HPLC activity profiling of Evodia rutaecarpa MeOH extract. (A, B) HPLC chromatogram (204 nm) of a separation of 5 mg extract and inhibition of hERG tail currents by microfractions. Structures of active compounds dehydroevodiamine (DHE) (1) and hortiamine (3) are shown. (C) Currents through hERG channels expressed in HEK 293 cells in absence (control) and presence of increasing concentrations of DHE during 0.3 Hz pulse trains are shown above, together with the voltage protocol. Concentration dependent inhibition of potassium current by DHE and hortiamine during repeated pulsing at 0.3 Hz at a holding potential of –100 mV is shown below. Reprinted with permission from Baburin et al. (2018).

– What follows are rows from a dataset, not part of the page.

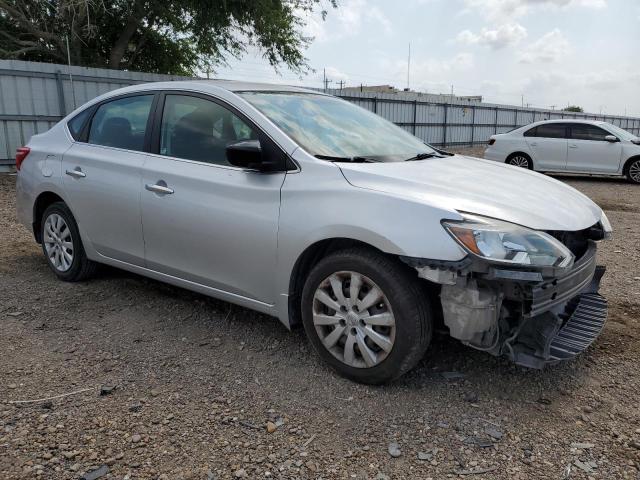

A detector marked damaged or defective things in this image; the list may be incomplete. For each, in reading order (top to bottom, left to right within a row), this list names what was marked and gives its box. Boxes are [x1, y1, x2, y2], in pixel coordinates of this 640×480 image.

damaged front bumper [402, 242, 608, 370]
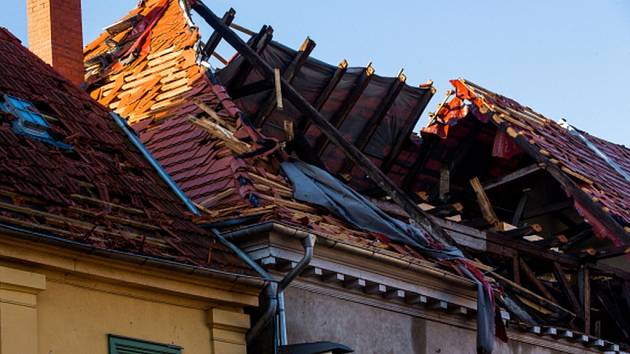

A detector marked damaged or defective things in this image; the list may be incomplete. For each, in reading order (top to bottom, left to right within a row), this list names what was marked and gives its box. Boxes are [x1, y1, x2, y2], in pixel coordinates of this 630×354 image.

broken wooden rafter [254, 37, 318, 126]
broken wooden rafter [193, 1, 460, 248]
broken wooden rafter [314, 62, 376, 155]
broken wooden rafter [484, 164, 544, 191]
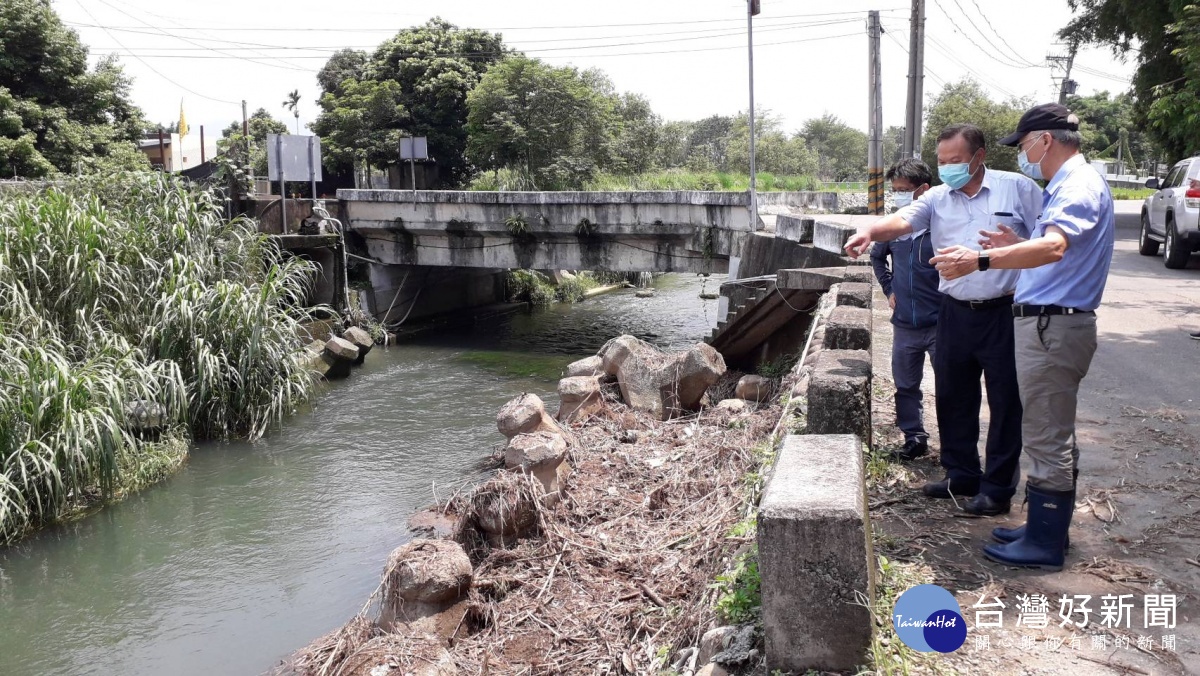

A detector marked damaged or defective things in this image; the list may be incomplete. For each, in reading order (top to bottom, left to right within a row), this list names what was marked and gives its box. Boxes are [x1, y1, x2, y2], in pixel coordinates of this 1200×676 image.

broken concrete block [760, 436, 872, 672]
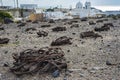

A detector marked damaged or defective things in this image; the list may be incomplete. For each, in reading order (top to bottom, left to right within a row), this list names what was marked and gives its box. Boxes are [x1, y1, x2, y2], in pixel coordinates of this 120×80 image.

rusty metal debris [9, 47, 67, 76]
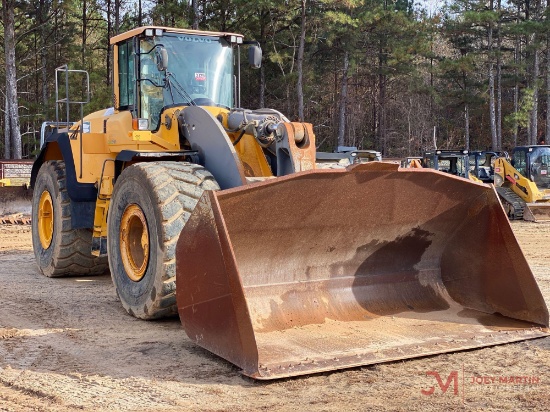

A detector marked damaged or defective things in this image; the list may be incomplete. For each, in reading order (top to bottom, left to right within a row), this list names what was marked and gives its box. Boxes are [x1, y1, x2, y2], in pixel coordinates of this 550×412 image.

rusty bucket [176, 162, 548, 380]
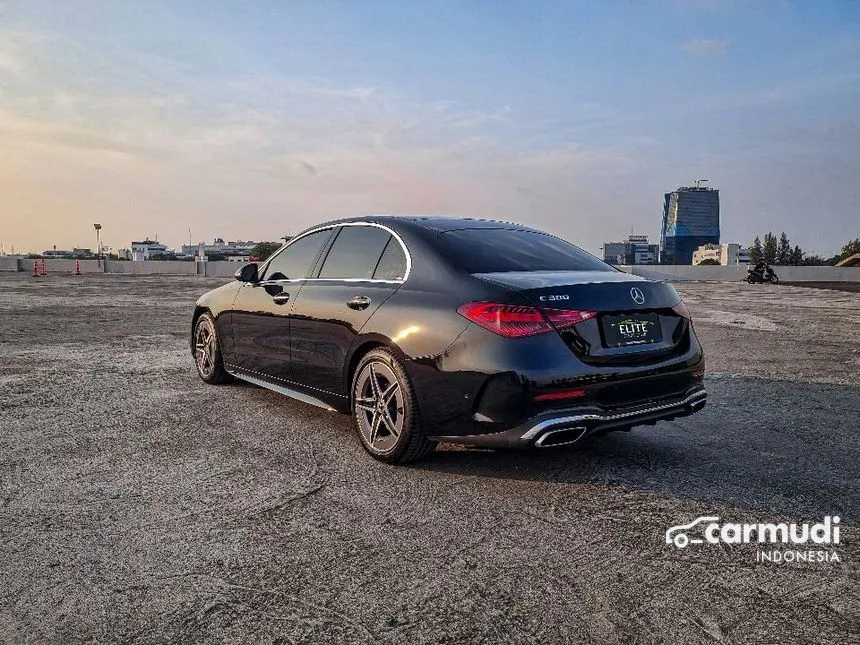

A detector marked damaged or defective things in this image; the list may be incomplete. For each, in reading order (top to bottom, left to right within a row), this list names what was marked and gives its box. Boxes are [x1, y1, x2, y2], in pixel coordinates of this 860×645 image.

cracked asphalt [0, 272, 856, 644]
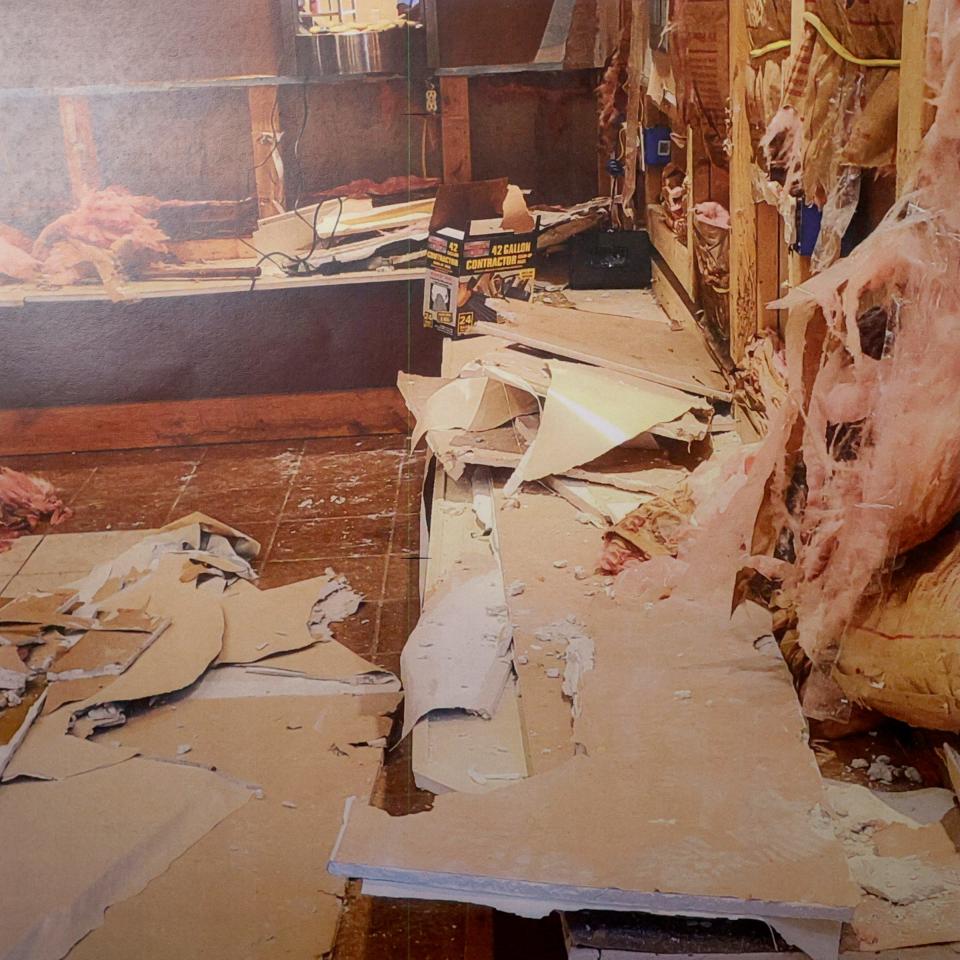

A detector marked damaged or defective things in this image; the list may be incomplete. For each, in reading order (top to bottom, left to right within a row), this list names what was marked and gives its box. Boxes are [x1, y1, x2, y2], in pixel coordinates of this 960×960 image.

damaged subfloor [0, 436, 568, 960]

We determined the DHE content in Evodia herbal drug samples from different suppliers, and in Evodia extract-containing granules that are sold as food supplements. Taking into consideration the recommended daily doses for herbal drug and granules, a possible daily intake of DHE of up to 40 mg was calculated (Schramm and Hamburger 2014). To further substantiate the relevance of our findings, we determined the amount of DHE that was extracted when preparing herbal drug decoctions according to TCM procedure. We found that approx. 25% of the DHE content was extracted which still would correspond to a significant daily intake of the alkaloid. The hERG channel blocking properties of the herbal decoctions was proportional to their DHE content (unpublished results).

Conclusions

HPLC-based activity profiling is an efficient means for tracking of active compounds in an extract. Typically, it is performed at the scale of analytical HPLC, and localization of the activity in the extract is the primary focus. Scale-up to semi-preparative or preparative HPLC enables rapid purification of compounds in the active time window for analysis by microprobe NMR. However, the utility of HPLC-based activity profiling is not limited to the mere localization and identification of bioactive peaks, as it can provide a wealth of additional and highly useful information. First, activity profiles are extremely important for prioritization of active extracts, since screening of a large extract library quite often delivers a number of hits exceeding the capacities for a preparative follow-up. Spectroscopic data recorded on-line provide valuable structural information for dereplication of known compounds. Second, preliminary structure–activity information can be obtained which may be useful for further optimization of compounds by medicinal chemists, as highlighted with the case of piperamides. Natural products may not necessarily possess all properties required for a drug in terms of selectivity, potency and ADME properties. Collaboration with medicinal chemists is thus needed to improve these properties in iterative cycles of optimization. From a consumer safety perspective, an assessment of possible cardiac toxicity issues related to the use of herbal medicines is warranted. While the carcinogenic potential of herbal drugs has been thoroughly studied, and appropriate measures have been taken, cardiac safety has not yet received sufficient attention. The case of Evodia and its main alkaloid DHE shows that investigations into possible hERG liabilities and cardiac safety of other herbal products, in particular alkaloid-containing herbal drugs, are needed.